Consider Branson’s longtime love affair with space. He watched Neil Armstrong take “one giant step for mankind” on his parents’ black-and-white TV, and at that moment knew with electrifying certainty that he, too, would go to space.
Branson’s personal quest started early and never faded. His thousands of questions about space (captured in dozens of journals), his observations and conversations with individuals at every stage of the space race value chain, and his daring exploits in the most sophisticated high-altitude hot air balloons fuelled Branson’s thirst for getting into space.
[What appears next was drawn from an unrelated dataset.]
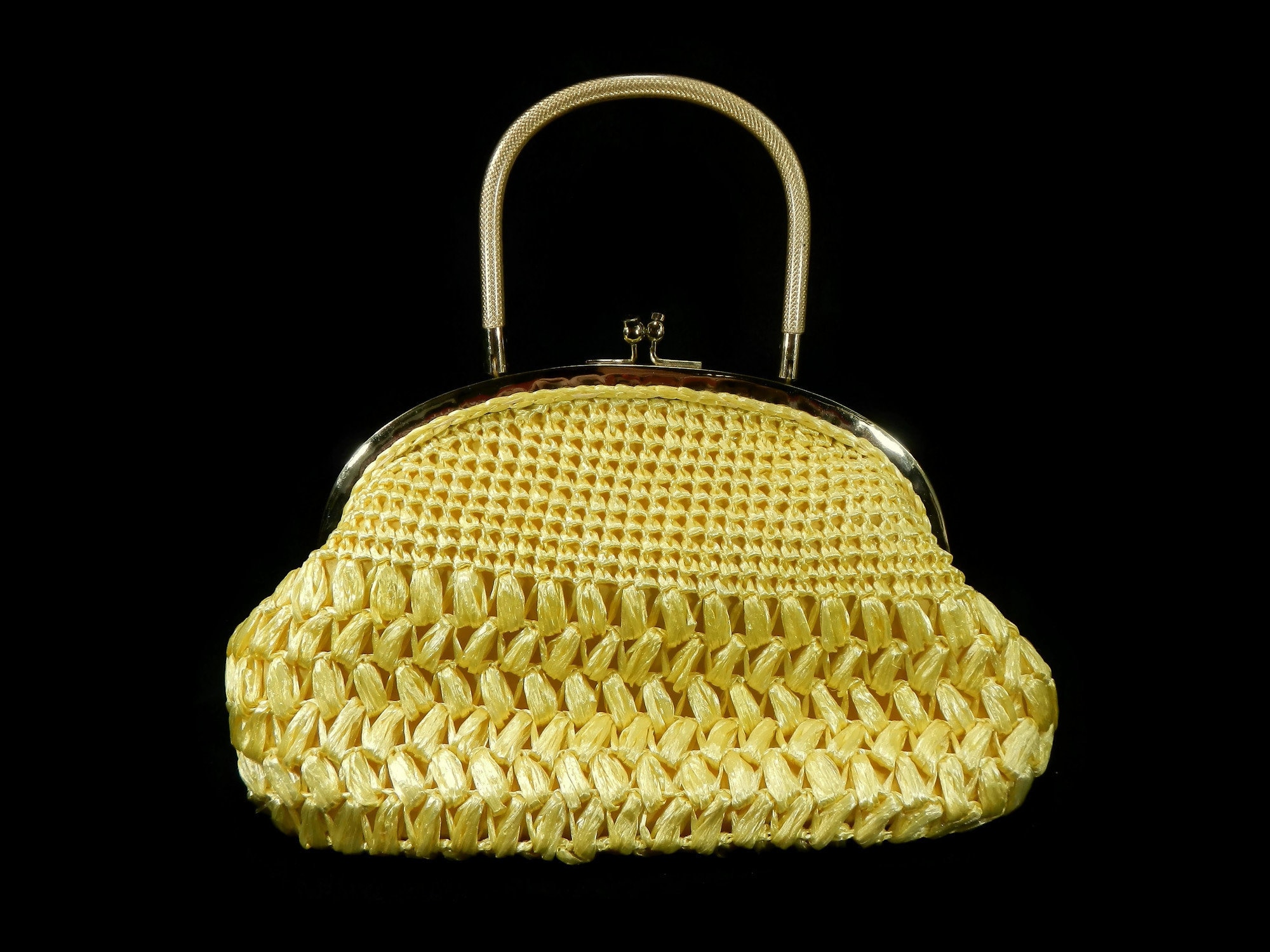 Sold at Auction: 2 Vintage La Regale Made in Japan Clutch Evening Beaded  Ladies Purse Hand Bags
Collaborating with people such as Burt Rutan, who won the X Prize, and Peter Diamandis, who created the X Prize, paved the way for Virgin Galactic to move from a boyhood dream to an adult reality.
The story is similar for Bezos, the founder of Amazon.com. As a young boy, he was also starstruck by Armstrong touching foot on lunar soil. While his underwater search for the Apollo booster rockets has been more successful than his outer space adventures (to date), don’t count him out in the long-term space race. As an innovator, his signature strength is experimenting (for concrete evidence, take a look at Amazon’s recent bold and breakneck entry into high fashion online clothing sales). Bezos may not have the marketing flair of Branson, but he does share Branson’s persistence in pursuing a dream—for decades—that goes far beyond book sales.
With dreams as big as space and as high as the moon, we’re brought back down to earth to reflect on our own lives. News of Branson’s and Bezos’s feats make us ask ourselves: Do I dream big? Do the people who work with me? Do we encourage this thinking with younger generations?
I recently visited with social entrepreneurs about teaching creativity and innovation skills to young people in emerging markets. Their answers were stereophonic in emphasizing the importance of not only teaching young people how to create, but helping them think and dream big. That’s precisely what Steve Jobs did when he walked into Disney’s studios as a new board member and put down the gauntlet by exhorting employees to “dream bigger!”
With vexing challenges around the world, it’s time for each of us to step back, look up, and pull a bit of that nighttime galaxy wonder back into our hearts. Whatever our vocation or avocation, the colony of space startups reminds me that it’s time to dream a little bigger. Better yet, time to help someone else dream big as well. It’s not a bad launching point for building the next generation of idea makers and impact creators. 3-2-1.